**Exercise prompt**. An exact copy of the data is needed, but without any of its images.

**Exercise data**.
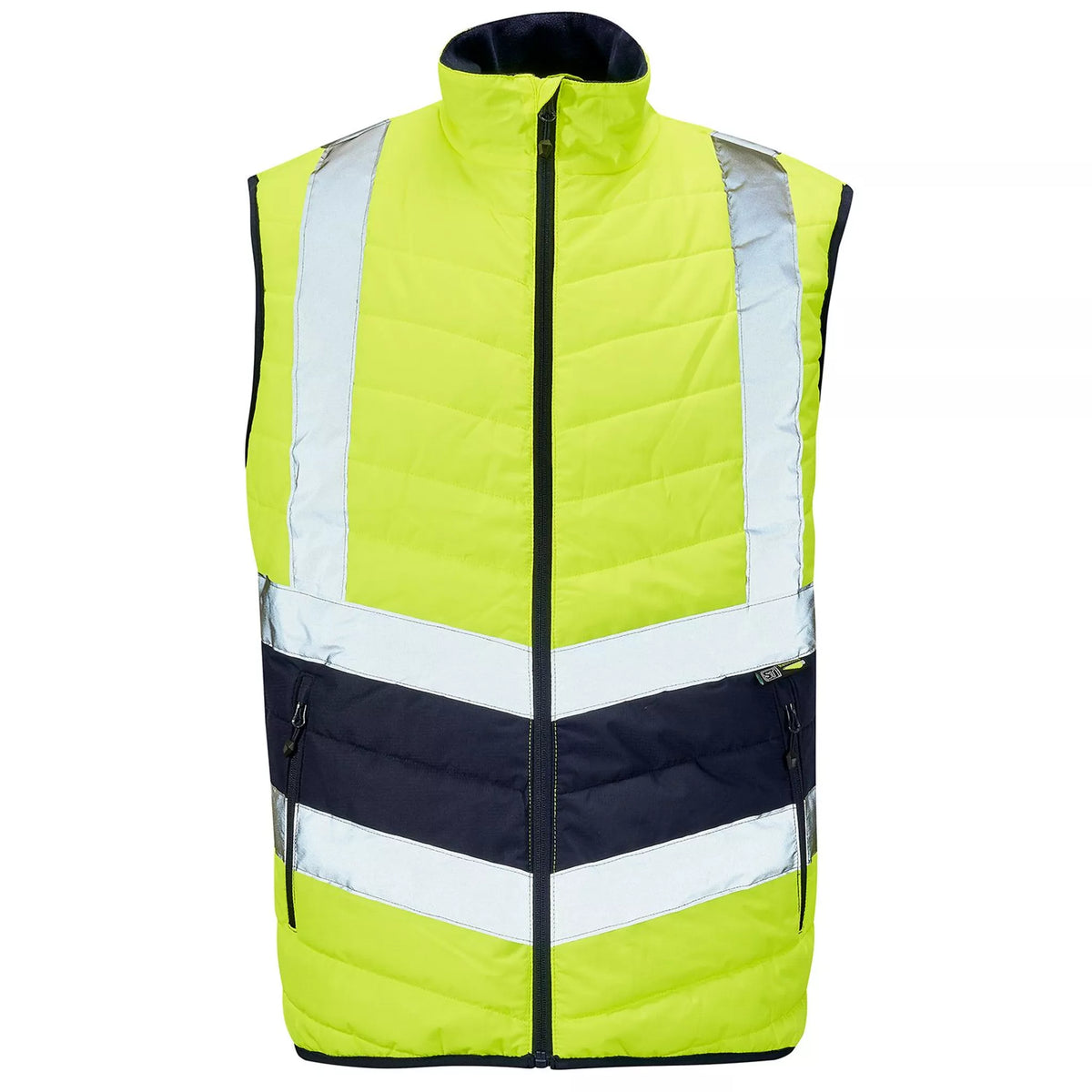 Hi-Vis Puffer Bodywarmer - Yellow / Navy Main Image [src:hvpbwy.jpg@20261026103149]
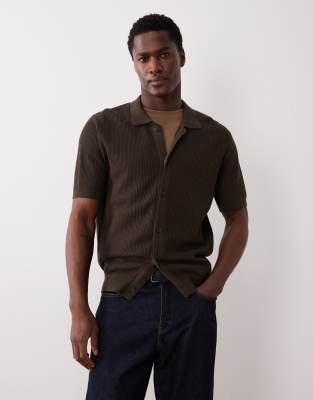 Strickjacke aus 100% Baumwolle in Braun mit Waffelstruktur und Knopfleiste-Brown Brown M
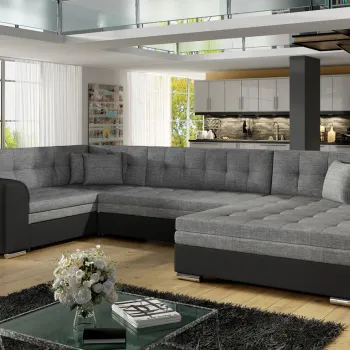 Coltar extensibil stanga 5 locuri ELTAP, Damario, 338x189x78 cm, lemn/poliester, gri inchis/negru imagine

**Answer space**.
 Hi-Vis Puffer Bodywarmer - Yellow / Navy Main Image [src:hvpbwy.jpg@20261026103149]
 Strickjacke aus 100% Baumwolle in Braun mit Waffelstruktur und Knopfleiste-Brown Brown M
 Coltar extensibil stanga 5 locuri ELTAP, Damario, 338x189x78 cm, lemn/poliester, gri inchis/negru imagine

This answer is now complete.